§ **WORK ITEM**:
Go through the listing and pick out each line with the word "Women" in it.

_ _ _ _ _ _ _

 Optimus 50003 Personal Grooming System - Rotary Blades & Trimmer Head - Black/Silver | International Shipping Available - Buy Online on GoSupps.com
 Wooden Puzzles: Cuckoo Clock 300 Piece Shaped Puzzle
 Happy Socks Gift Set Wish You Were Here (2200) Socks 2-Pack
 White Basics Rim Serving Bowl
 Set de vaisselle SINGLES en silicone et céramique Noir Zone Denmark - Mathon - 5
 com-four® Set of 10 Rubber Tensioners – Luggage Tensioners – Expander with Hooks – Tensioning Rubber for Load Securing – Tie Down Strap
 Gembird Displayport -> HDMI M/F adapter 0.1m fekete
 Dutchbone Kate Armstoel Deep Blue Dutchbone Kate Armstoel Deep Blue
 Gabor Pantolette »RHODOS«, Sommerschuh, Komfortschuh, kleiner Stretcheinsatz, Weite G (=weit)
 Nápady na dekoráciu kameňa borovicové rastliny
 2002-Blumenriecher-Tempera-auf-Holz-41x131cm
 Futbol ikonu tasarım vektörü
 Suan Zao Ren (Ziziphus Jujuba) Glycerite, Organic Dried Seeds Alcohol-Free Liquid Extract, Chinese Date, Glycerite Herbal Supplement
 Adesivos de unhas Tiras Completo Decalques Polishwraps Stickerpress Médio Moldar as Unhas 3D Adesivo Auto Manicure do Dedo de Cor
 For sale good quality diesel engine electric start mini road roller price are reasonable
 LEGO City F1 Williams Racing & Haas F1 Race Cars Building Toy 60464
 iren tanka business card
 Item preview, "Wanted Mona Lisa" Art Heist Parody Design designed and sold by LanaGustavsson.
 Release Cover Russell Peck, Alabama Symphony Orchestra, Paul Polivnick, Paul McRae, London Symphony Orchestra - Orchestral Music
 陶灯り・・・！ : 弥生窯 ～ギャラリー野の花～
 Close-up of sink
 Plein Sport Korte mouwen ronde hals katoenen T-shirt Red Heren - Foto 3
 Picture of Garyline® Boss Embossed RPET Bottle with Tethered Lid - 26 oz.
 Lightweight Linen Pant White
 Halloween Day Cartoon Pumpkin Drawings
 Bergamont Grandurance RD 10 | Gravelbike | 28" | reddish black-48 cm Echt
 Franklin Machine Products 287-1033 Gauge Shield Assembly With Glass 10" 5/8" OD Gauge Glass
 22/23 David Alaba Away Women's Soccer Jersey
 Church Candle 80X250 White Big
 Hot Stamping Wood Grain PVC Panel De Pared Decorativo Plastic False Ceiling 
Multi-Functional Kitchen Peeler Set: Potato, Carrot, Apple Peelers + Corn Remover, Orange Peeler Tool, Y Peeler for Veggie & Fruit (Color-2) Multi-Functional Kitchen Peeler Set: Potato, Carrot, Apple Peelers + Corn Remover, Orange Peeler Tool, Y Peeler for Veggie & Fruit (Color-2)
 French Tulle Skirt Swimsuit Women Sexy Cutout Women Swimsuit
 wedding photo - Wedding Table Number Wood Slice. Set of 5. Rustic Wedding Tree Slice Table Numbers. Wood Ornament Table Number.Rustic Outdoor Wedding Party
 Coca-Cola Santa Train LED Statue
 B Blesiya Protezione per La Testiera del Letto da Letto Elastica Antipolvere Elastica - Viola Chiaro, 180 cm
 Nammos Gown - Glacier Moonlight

_ _ _ _ _ _ _

§ **ANSWER TO THE PROBLEM**:
 22/23 David Alaba Away Women's Soccer Jersey
 French Tulle Skirt Swimsuit Women Sexy Cutout Women Swimsuit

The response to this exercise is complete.